Invasive Species Compendium

Detailed coverage of invasive species threatening livelihoods and the environment worldwide

Abstract

Midgut tissue of male pine engraver, Ips pini, synthesizes monoterpenoid pheromone component ipsdienol de novo.

Abstract

For over three decades the site and pathways of bark beetle aggregation pheromone production have remained elusive. Studies on pheromone production in Ips spp. bark beetles have recently shown de novo biosynthesis of pheromone components via the mevalonate pathway.

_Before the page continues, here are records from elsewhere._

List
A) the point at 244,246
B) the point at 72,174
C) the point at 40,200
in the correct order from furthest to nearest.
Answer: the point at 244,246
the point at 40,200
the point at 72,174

The gene encoding a key regulated enzyme in this pathway, 3-hydroxy-3-methylglutaryl-CoA reductase (HMG-R), showed high transcript levels in the anterior midgut of male pine engravers, I. pini (Coleoptera: Scolytidae). HMG-R expression in the midgut was sex, juvenile hormone, and feeding dependent, providing strong evidence that this is the site of acyclic monoterpenoid (ipsdienol) pheromone production in male beetles. Additionally, isolated midgut tissue from fed or juvenile hormone III-treated males converted radiolabeled acetate to ipsdienol, as assayed by radio-HPLC. These data support the de novo production of this frass-associated aggregation pheromone component by the mevalonate pathway. The induction of a metazoan HMG-R in this process does not support the postulated role of microorganisms in ipsdienol production.